In social sciences research, perfect agreement between studies is rare, sometimes suspicious, and at the very least mundane.
Tweet

It was such a clash of findings that prompted this note. A colleague and I recently presented a conference paper, in which we talked about the pilot phase of a Teaching English for Very Young Learners after-school programme. In our presentation, we noted -among other things- that pupils and parents in the school we studied were sceptical about introducing foreign language teaching in the early education curriculum. Figure 1 (below), shows that most participants in our study believed it was more appropriate to introduce English lessons in the 3rd Form or later, i.e., when children were at least 9 years old.

Bar chart showing distribution of responses — Fig. 1 – Responses to “When should English language lessons be introduced?”

In the discussion that followed, Prof. Thomais Alexiou (University of Thessaloniki) was kind enough to share unpublished findings from a much larger project in which she was involved, which seem to be at variance with our conclusions. In their study, which evaluated the effectiveness of PEAP, a TEYL programme involving 800 schools across Greece, they found that parents were initially ambivalent towards such programmes, but developed positive attitudes later on.

As I said above, such discrepancies are not uncommon, and they need not be seen as a threat to the validity of either study. Rather, by taking these differences into consideration, and by attempting to account for them, we should be able to end up with more robust interpretations, and this is what I will try to do in the present post.

Reasons why research about Teaching English to Young Learners is often inconclusive

So, why did our findings differ? Here are four hypothetical explanations about why this discrepancy came to be.

Some projects are just more effective than others

The most obvious explanation that might account for the differences in our findings is that the PEAP project simply managed to influence parental attitudes more than our pilot programme did.

If this is true, it is hardly surprising, given the amount of resources and institutional support available to them. The fact that, at the time, the PEAP project drews on the accumulated experience of three years of implementation also seems relevant.

If this is indeed the case, it may prove fruitful to further investigate which features of the PEAP project contributed most to their success, and build upon them.

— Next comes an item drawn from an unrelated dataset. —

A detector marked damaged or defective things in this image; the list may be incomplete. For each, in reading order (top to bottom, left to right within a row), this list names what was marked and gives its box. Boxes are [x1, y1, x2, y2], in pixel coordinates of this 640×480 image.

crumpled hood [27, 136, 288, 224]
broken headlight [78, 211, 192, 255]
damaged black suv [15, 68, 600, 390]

Some studies are more sensitive than others

A second interpretation, which complements the one above, is that any TEYL programme that is implemented well can counter parental scepticism, but maybe our study somehow masked this effect.

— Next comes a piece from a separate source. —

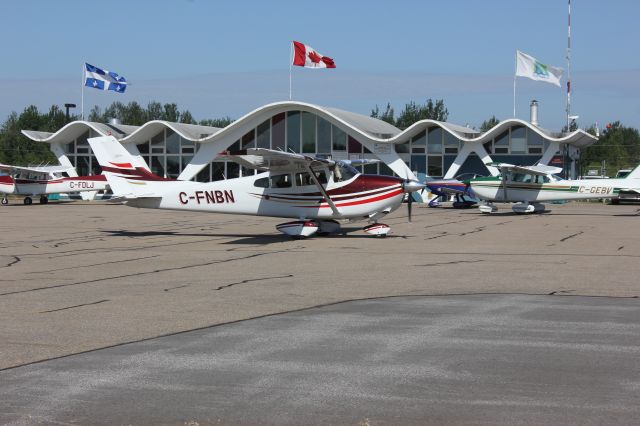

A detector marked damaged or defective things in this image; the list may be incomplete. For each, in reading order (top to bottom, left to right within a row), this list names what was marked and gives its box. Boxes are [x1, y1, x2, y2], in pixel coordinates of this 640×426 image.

crack in pavement [0, 248, 290, 298]
crack in pavement [215, 274, 296, 292]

Indeed, there is some evidence in our data that this may be the case. By cross-tabulating parental attitudes against the age of their children, we found that parents of first- and second-form pupils (among whom our pilot project was implemented) tended to hold more positive views towards TEYL, compared to parents of older pupils. Using a standard test of statistical significance (chi-square), we determined that the chances of this distribution being a mere statistical fluke were a little higher than one in twenty (p = .051). Unfortunately, this is slightly over generally accepted thresholds of statistical significance (p < .05), and therefore we felt reluctant to draw conclusions from it. It is possible that the small size of our sample may have skewed these statistics, but short of repeating the study with more participants, there is little one can do to confirm or disprove this hypothesis.

I would argue, however, that if there is merit to this interpretation, i.e., that any well-structured school-based intervention can have an immediate measurable effect on societal attitudes, this is reason for caution, not triumphalism.

In such a case, perhaps there is a need to give more thought to the political and ideological implications of Teaching English to Young Learners. In other words, if we can empirically establish that we can change the way stakeholders think, we need to give some serious thought as to what we are making them believe and why.

Not all projects target the same demographic groups

A third possible reason why our studies on Teaching English to Young Learners produced different findings points towards the different demographics of our target groups.

The PEAP findings have yet to be published in full, so much of the discussion in this section is speculative [2]. However, it stands to reason that their data, taken from 800 schools across Greece, constitute a reasonably representative cross-section of Greek society. This was not the case at the school where we did our research. Although our school was not officially selective, it seemed to attract students from the upper strata of local society. For instance, nearly all our respondents were university graduates, and almost a third of our sample had an advanced studies degree (M-level or PhD). That being the case, it would be very surprising if the knowledge and skills commensurate to such education did not influence the views proffered by our respondents.

Education	Frequency (%)
Secondary education	5 (7,1%)
Four to six years of undergraduate education	41 (58,6%)
Advanced university education (M-level, Doctorate)	23 (32,9%)
Unknown	1 (1,4%)
Total	70 (100%)

Table 1: Sample breakdown according to family education level (i.e., the highest educational attainment in the household)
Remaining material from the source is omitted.